La politique étrangère d’après-guerre fut ajustée aux intérêts de Wall Street, par l’entremise d’un John J. McCloy qui façonna les institutions financières comme le FMI et de la Banque mondiale afin qu’elles puissent servir l’expansion des banques américaines privées, phénomène plus connu sous le vocable de « globalisation ». Ces dernières profitèrent par la suite des eurodollars échangés à Londres et des pétrodollars du Moyen-Orient pour s’assurer une source en capitale permettant des prêts quasi illimités aux pays en voie de développement engendrant leur endettement. La libre circulation, libre échange et le contrôle par la dette n’étaient que les moyens pour assurer la mainmise financière sur ces pays. Et les banques privées pouvaient toujours cogner à Washington pour se faire renflouer lorsqu’une crise inévitable se produisait, comme au Mexique en 1994. Politique qui s’aligna d’ailleurs fort bien, un temps, avec la rhétorique de Washington de la défense du « capitalisme démocratique » contre le communisme.

L’ouvrage soulève de sérieuses questions quant aux prétentions anti-privilèges des libéraux. La proximité politique d’un club sélect de banques avec les institutions clés comme la réserve fédérale depuis un siècle leurs donnèrent accès à des privilèges économiques dont ni les citoyens ni les banques de moindre envergure ne purent bénéficier. En effet, des lignes de crédits privilégiés et des renflouements bancaires aux frais de la nation, n’est pas renfloué qui veut, permirent un avantage compétitif sans pareil sur le marché face à des concurrents éloignés du pouvoir. Selon l’auteure, la dérégulation, enrobée par du verbiage sur le « libre marché » et la « compétition », ne fit que permettre, en réalité, au plus gros d’avaler les plus petits, réduisant de facto la compétition que ce régime devait, prétendument, engendrer. Mais comme le rappelle l’économiste Steve Keen[2], le silence néolibéral n’est pas étonnant puisque la théorie néoclassique ignore tout simplement le rôle des banques, de la dette et de la monnaie—sujet politique principal du livre de Prinse—considérée comme un simple voile des échanges réels !
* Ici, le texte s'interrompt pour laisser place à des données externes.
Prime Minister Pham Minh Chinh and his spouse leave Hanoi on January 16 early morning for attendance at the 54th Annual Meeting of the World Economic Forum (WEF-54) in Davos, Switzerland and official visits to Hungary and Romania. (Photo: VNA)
En bref, un livre utile pour mieux pour comprendre la politique américaine du dernier siècle. Cependant, l’historien peu au fait des considérations théoriques économiques implicitement soulevées par le livre ferait bien de consulter les ouvrages essentiels d’économistes comme celui de Michael Hudson[3] afin d’avoir un os autour duquel rattacher la chaire historique que fournit ce livre.